_EXERCISE DETAILS_:
From the first entry to the last, repeat them all exactly.

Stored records
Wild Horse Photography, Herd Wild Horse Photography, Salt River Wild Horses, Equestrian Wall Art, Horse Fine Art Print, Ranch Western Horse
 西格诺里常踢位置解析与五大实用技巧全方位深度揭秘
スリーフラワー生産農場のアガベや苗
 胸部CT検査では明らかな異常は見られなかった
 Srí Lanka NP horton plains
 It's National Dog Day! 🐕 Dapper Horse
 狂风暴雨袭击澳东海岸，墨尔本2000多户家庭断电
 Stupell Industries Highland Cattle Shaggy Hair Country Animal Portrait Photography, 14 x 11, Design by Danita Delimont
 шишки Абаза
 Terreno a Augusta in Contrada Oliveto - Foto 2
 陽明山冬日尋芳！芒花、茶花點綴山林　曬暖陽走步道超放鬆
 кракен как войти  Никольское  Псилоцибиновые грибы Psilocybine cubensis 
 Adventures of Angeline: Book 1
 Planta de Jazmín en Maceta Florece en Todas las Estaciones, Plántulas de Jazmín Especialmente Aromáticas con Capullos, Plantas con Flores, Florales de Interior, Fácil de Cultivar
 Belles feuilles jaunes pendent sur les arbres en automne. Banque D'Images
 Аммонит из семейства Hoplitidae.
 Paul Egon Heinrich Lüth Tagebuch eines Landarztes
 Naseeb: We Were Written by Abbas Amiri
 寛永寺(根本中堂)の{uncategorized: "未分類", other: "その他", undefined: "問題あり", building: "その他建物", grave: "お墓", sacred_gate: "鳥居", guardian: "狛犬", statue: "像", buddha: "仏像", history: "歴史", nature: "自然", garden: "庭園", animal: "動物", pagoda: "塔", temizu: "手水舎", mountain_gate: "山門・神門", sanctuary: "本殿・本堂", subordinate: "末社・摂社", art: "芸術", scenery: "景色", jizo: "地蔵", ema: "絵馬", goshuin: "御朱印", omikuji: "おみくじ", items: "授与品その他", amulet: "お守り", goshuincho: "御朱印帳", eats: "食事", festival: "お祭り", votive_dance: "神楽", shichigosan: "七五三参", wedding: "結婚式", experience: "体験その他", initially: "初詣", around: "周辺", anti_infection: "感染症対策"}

_RESULT FOR THIS TASK_:
Wild Horse Photography, Herd Wild Horse Photography, Salt River Wild Horses, Equestrian Wall Art, Horse Fine Art Print, Ranch Western Horse
 西格诺里常踢位置解析与五大实用技巧全方位深度揭秘
スリーフラワー生産農場のアガベや苗
 胸部CT検査では明らかな異常は見られなかった
 Srí Lanka NP horton plains
 It's National Dog Day! 🐕 Dapper Horse
 狂风暴雨袭击澳东海岸，墨尔本2000多户家庭断电
 Stupell Industries Highland Cattle Shaggy Hair Country Animal Portrait Photography, 14 x 11, Design by Danita Delimont
 шишки Абаза
 Terreno a Augusta in Contrada Oliveto - Foto 2
 陽明山冬日尋芳！芒花、茶花點綴山林　曬暖陽走步道超放鬆
 кракен как войти  Никольское  Псилоцибиновые грибы Psilocybine cubensis 
 Adventures of Angeline: Book 1
 Planta de Jazmín en Maceta Florece en Todas las Estaciones, Plántulas de Jazmín Especialmente Aromáticas con Capullos, Plantas con Flores, Florales de Interior, Fácil de Cultivar
 Belles feuilles jaunes pendent sur les arbres en automne. Banque D'Images
 Аммонит из семейства Hoplitidae.
 Paul Egon Heinrich Lüth Tagebuch eines Landarztes
 Naseeb: We Were Written by Abbas Amiri
 寛永寺(根本中堂)の{uncategorized: "未分類", other: "その他", undefined: "問題あり", building: "その他建物", grave: "お墓", sacred_gate: "鳥居", guardian: "狛犬", statue: "像", buddha: "仏像", history: "歴史", nature: "自然", garden: "庭園", animal: "動物", pagoda: "塔", temizu: "手水舎", mountain_gate: "山門・神門", sanctuary: "本殿・本堂", subordinate: "末社・摂社", art: "芸術", scenery: "景色", jizo: "地蔵", ema: "絵馬", goshuin: "御朱印", omikuji: "おみくじ", items: "授与品その他", amulet: "お守り", goshuincho: "御朱印帳", eats: "食事", festival: "お祭り", votive_dance: "神楽", shichigosan: "七五三参", wedding: "結婚式", experience: "体験その他", initially: "初詣", around: "周辺", anti_infection: "感染症対策"}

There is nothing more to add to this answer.